Bush aid pledge as Russian manoeuvres continues
A Russian military convoy defied a cease-fire agreement and rolled through a strategically important city in the former Soviet republic of Georgia, which claimed fresh looting and bombing by the Russians and their allies.
US president George Bush said a massive aid package was on the way for tens of thousands uprooted in the conflict and demanded that Russia “keep its word and act to end this crisis”.
“The United States stands with the democratically elected government of Georgia and insists that the sovereignty and territorial integrity of Georgia be respected,” Mr Bush said sternly in Washington.
One day after the Kremlin and its smaller neighbour agreed to a French-brokered ceasefire to end the dispute over two pro-Russian breakaway territories, the pact appeared fragile at best.
Dozens of Russian trucks and armoured vehicles left the city of Gori, some 20 miles south of the separatist region of South Ossetia and home of a key highway that divides Georgia in two, and moving deeper into Georgia.
Soldiers waved at journalists and one jokingly shouted, “Come with us, beauty, we’re going to Tbilisi.”

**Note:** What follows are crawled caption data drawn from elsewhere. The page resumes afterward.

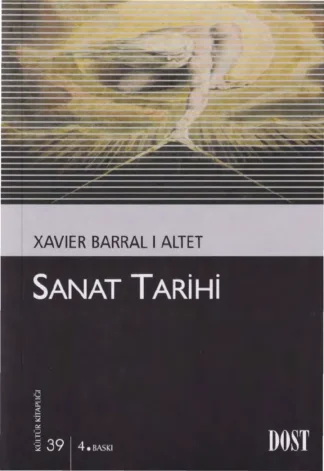 Sanat Tarihi kitap kapağı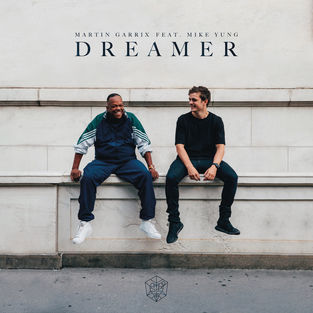 Обложка к песне Dreamer (feat. Mike Yung) от Martin Garrix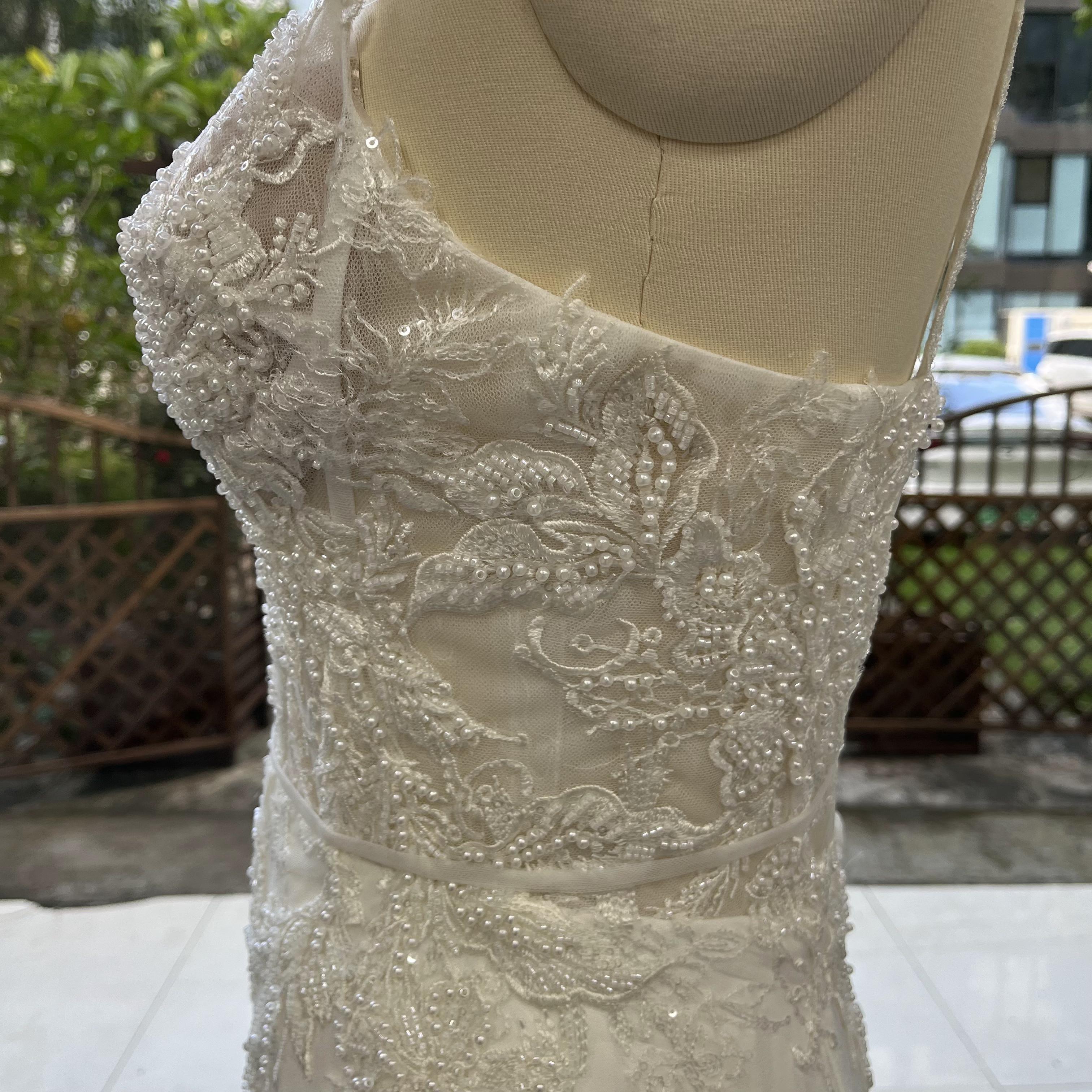 Dnnovia bridal SH032 - 11
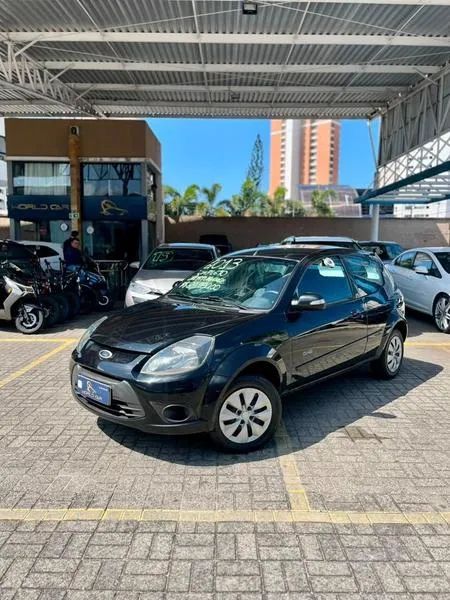 Ford Ka Ka 1.0 8V/1.0 8V ST Flex 3p 2013
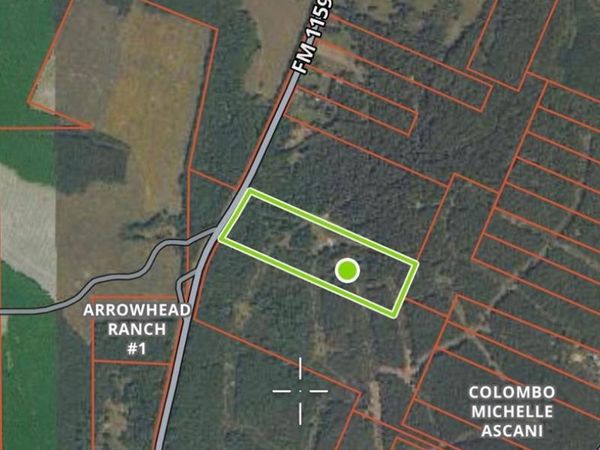 11750 FM 1159 , Clarksville, TX 75426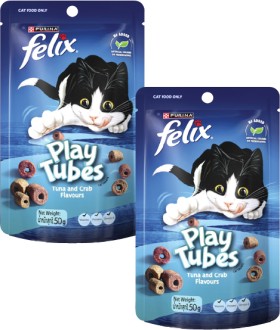 Felix-Cat-Treats-50g-60g on sale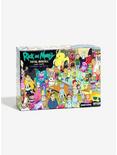 Rick And Morty Total Rickall Card Game, , alternate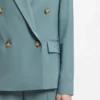 Blazer in Regular-Fit aus Schurwolle Blazer in Regular-Fit aus Schurwolle
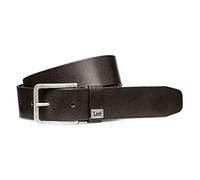 Lee Jeans Ceinture Small Logo Belt Homme 95 Marron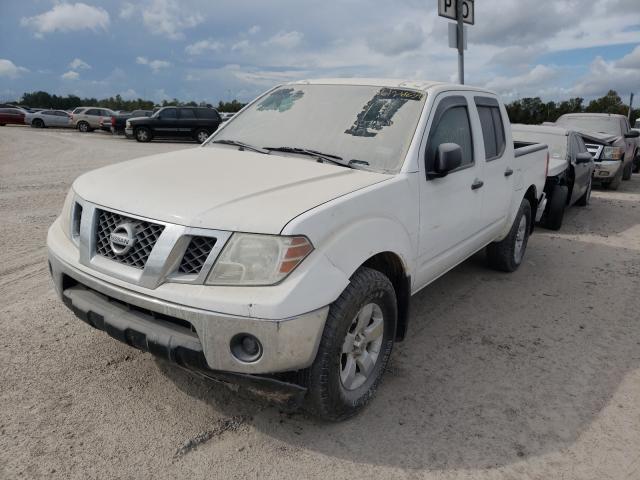 Photo 1 VIN: 1N6AD0EV2BC434867 - NISSAN FRONTIER S 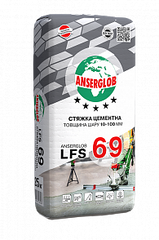 ANSERGLOB LFS 69 стяжка цементная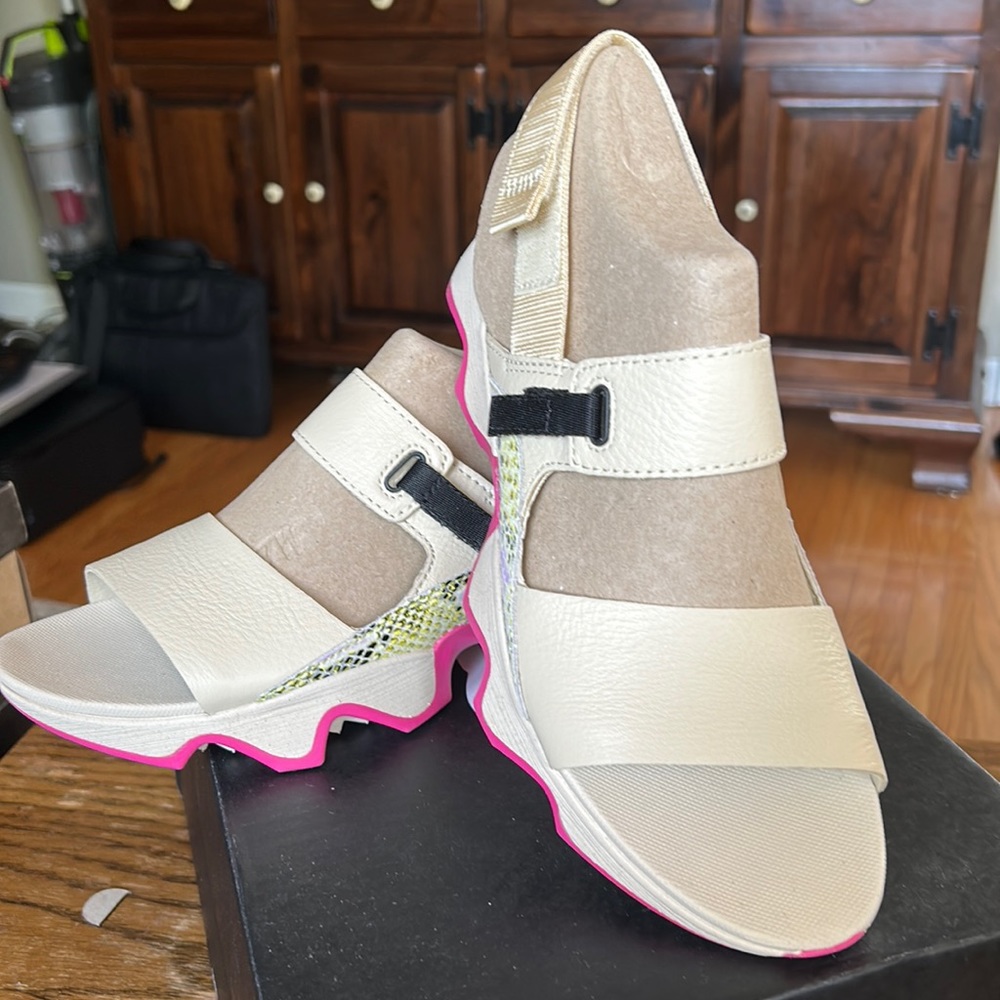 Sorel Sling Low Sandal, Size 8
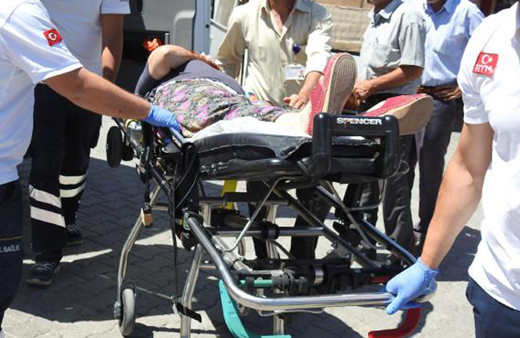 Çorum'da kadın komşusunu 11 kez bıçaklayıp dilini kesti! Savunması pes dedirtti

The convoy roared southeast, toward the Georgian capital, but then turned north and set up camp about an hour’s drive away from it.
Georgian officials said the Russians had looted and bombed Gori before they left. Moscow denied the accusation.
As confusion reigned on the first day of the cease-fire agreement, Mr Bush called a speech to express concern about reports the Russians were already breaking it.
He said he was sending US Secretary of State Condoleezza Rice first to France and then to Tbilisi to reinforce US efforts to “rally the world in defence of a free Georgia”.
For her part, Dr Rice said: “This is not 1968 and the invasion of Czechoslovakia where Russia can threaten a neighbour, occupy a capital, overthrow a government and get away with it. Things have changed.”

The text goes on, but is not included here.